Tribunal Administratif de Montreuil — Décision N° TA93-2117348

vendredi 8 juillet 2022

JuridictionTribunal Administratif de Montreuil
SectionTribunal Administratif de Montreuil
N° DossierTA93-2117348
TypeDécision
RecoursExcès de pouvoir
Formation11ème chambre
Avocat requérantLE GOFF

Texte intégral

Vu la procédure suivante :

Par une ordonnance du 14 décembre 2021, le président du tribunal administratif de Paris a transmis au tribunal administratif de Montreuil la requête de M. E A, en application de l'article R. 351-3 du code de justice administrative.

Par cette requête, enregistrée le 7 octobre 2021 au greffe du tribunal administratif de Paris puis le 15 décembre 2021 au greffe du tribunal administratif de Montreuil, M. A, représenté par Me Le Goff, demande au tribunal :

1°) d'annuler l'arrêté du 8 août 2019 par lequel le préfet de la Seine-Saint-Denis a refusé de renouveler son titre de séjour, l'a obligé à quitter le territoire français dans un délai de trente jours, en fixant le pays de destination et l'a interdit de retour pendant deux années ;

2°) d'enjoindre au préfet de la Seine-Saint-Denis de lui délivrer un titre de séjour ou de réexaminer sa situation en lui délivrant dans l'attente un récépissé l'autorisant à travailler, dans un délai de quinze jours à compter de la notification du jugement à intervenir, sous astreinte de 100 euros par jour de retard ;

3°) d'enjoindre au préfet de la Seine-Saint-Denis de supprimer son signalement dans le système d'information Schengen ;

4°) de mettre à la charge de l'État la somme de 1 200 euros à verser à son conseil en application de l'article 37 de la loi du 10 juillet 1991 sous réserve que Me Le Goff renonce à percevoir la part contributive de l'État versée au titre de l'aide juridictionnelle.

Il soutient que :

- le refus de titre de séjour est entaché d'un vice de forme dès lors que le nom de son signataire n'est pas identifiable ;

- il est entaché d'incompétence ;

- il est entaché de vices de procédure résultant de l'absence de production de l'avis du collège des médecins de l'Office français de l'immigration et de l'intégration, ne permettant pas de contrôler la régularité de la composition du collège des médecins ni l'authenticité de leur signature ;

- il est entaché d'un défaut de motivation ;

- il est entaché d'un défaut d'examen ;

- il méconnaît les dispositions du 11° de l'article L. 313-11 du code de l'entrée et du séjour des étrangers et du droit d'asile ;

- il méconnaît les stipulations de l'article 8 de la convention européenne de sauvegarde des droits de l'homme et des libertés fondamentales ;

- il est entaché d'une erreur manifeste d'appréciation de sa situation personnelle ;

- la décision portant obligation de quitter le territoire français est entachée d'un vice de forme dès lors que le nom de son signataire n'est pas identifiable ;

- elle est entachée d'incompétence ;

- elle méconnaît les dispositions du 10° de l'article L. 511-4 du code de l'entrée et du séjour des étrangers et du droit d'asile ;

- elle est entachée de l'illégalité du refus de titre de séjour ;

- elle est entachée d'une erreur manifeste d'appréciation de ses conséquences sur sa situation personnelle ;

- l'interdiction de retour sur le territoire français est entachée d'un défaut de motivation ;

- elle est entachée d'un défaut d'examen ;

- elle méconnaît des dispositions du III de l'article L. 511-1 du code de l'entrée et du séjour des étrangers et du droit d'asile ;

- elle est entachée d'une erreur manifeste d'appréciation de sa situation personnelle ;

La requête a été communiquée au préfet de la Seine-Saint-Denis qui n'a pas produit de mémoire en défense.

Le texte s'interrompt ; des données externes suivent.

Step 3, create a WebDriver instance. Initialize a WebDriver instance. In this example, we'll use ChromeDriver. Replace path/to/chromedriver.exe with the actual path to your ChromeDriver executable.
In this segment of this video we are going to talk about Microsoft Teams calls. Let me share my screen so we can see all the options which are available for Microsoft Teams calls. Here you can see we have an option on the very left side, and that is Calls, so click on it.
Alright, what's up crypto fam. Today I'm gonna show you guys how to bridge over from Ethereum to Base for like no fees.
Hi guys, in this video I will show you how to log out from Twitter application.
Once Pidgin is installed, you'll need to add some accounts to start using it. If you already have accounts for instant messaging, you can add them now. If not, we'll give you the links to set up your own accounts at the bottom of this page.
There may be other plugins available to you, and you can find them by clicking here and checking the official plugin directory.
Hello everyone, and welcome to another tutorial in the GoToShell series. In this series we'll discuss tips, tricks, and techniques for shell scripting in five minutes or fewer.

La clôture de l'instruction a été fixée au 17 février 2022.

M. A a été admis au bénéfice de l'aide juridictionnelle totale par une décision du 31 août 2021.

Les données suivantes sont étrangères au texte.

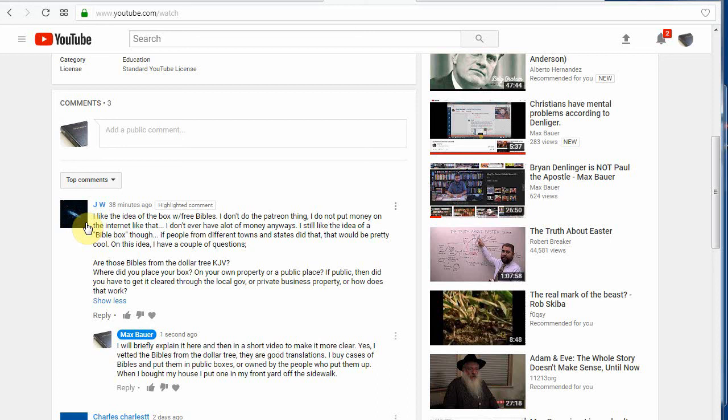And I do have the part number somewhere in my emails when I order new Bibles. But like I said, I haven't had to do that in probably a year now. I just buy them one off, like half dozen at a time when I'm in Dollar Tree in the town.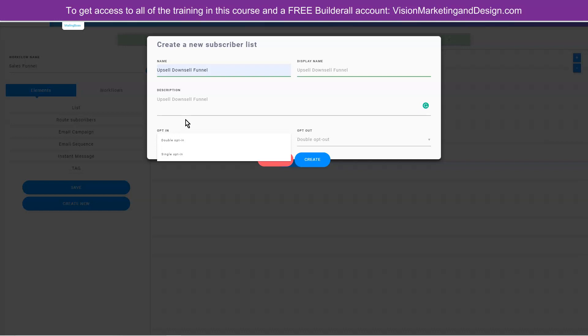This is very important. To have a high quality list, you need to choose a double opt-in. I know that a lot of people will say single opt-in is better, but if someone enters a fake email address into your field, it goes to your list. And if your email autoresponder keeps getting fake emails and sending them, it damages the reputation of your email address. So it's very important to always choose a double opt-in. Let's keep this double opt-in and click create.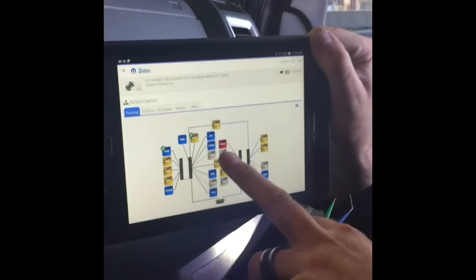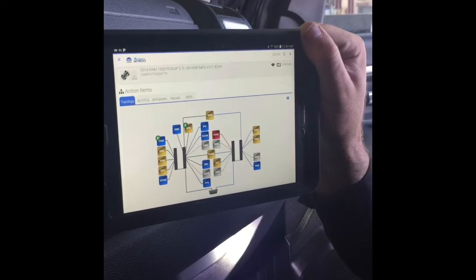The HVAC module is not communicating on the bus because we see it's red. We need to check for power, check for ground, and check our communication wires to make sure all voltages are being sent to the module. If they are being sent to the module, 99.9% of the time it's the module itself.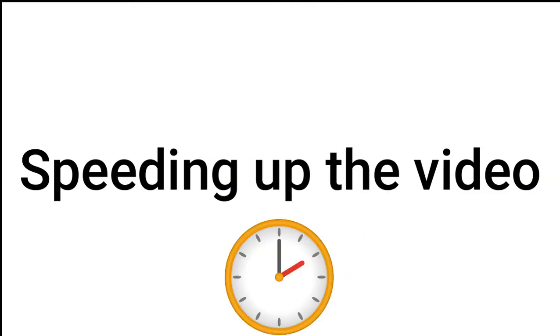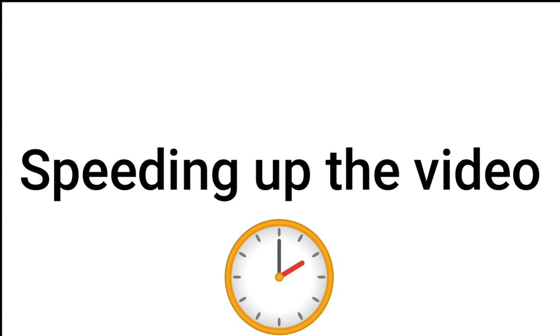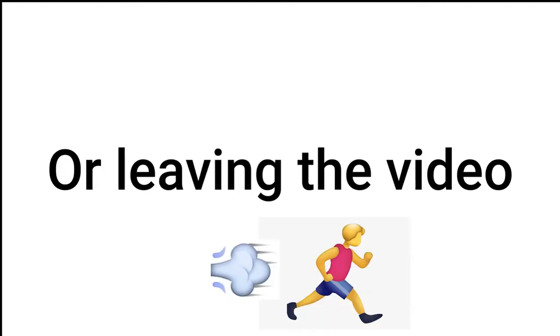Note, skipping the video, speeding up the video or leaving the video equals automatic fail. We will start in three, two, one.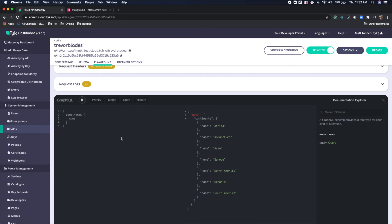As we expand, we'll continue to use this Trevor Blades API in order to show you how to add some more GraphQL features here in Tyk. Thank you.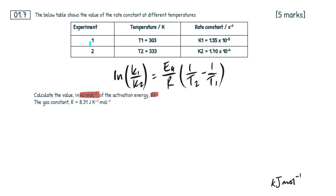The tip I'm going to give you here is you need to keep the energy units of the variables in the equation constant. If we look at our gas constant R right here, which is involved in the equation, it has an energy unit of joules. Whereas they want our final answer in kilojoules.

Vu les autres pièces du dossier.

Vu :

- la convention européenne de sauvegarde des droits de l'homme et des libertés fondamentales signée le 4 novembre 1950 ;

- le code de l'entrée et du séjour des étrangers et du droit d'asile ;

- le code des relations entre le public et l'administration ;

- la loi n° 91-647 du 10 juillet 1991 relative à l'aide juridique ;

- le code de justice administrative.

Les parties ont été régulièrement averties du jour de l'audience.

Le président de la formation de jugement a dispensé le rapporteur public, sur sa proposition, de prononcer des conclusions à l'audience.

Ont été entendus au cours de l'audience publique du 23 juin 2022 :

- le rapport de Mme G,

- et les observations de Me Le Goff, représentant le requérant.

Considérant ce qui suit :

1. M. A, ressortissant guinéen né le 16 août 1985, a bénéficié d'un titre de séjour en raison de son état de santé, délivré le 12 janvier 2017, valable jusqu'au 11 janvier 2018, dont il a sollicité le renouvellement le 9 février 2018. Par un arrêté du 8 août 2019, le préfet de la Seine-Saint-Denis a rejeté sa demande, l'a obligé à quitter le territoire français dans un délai de trente jours, en fixant le pays de destination, et l'a interdit de retour sur le territoire français pendant deux années. M. A demande l'annulation de cet arrêté.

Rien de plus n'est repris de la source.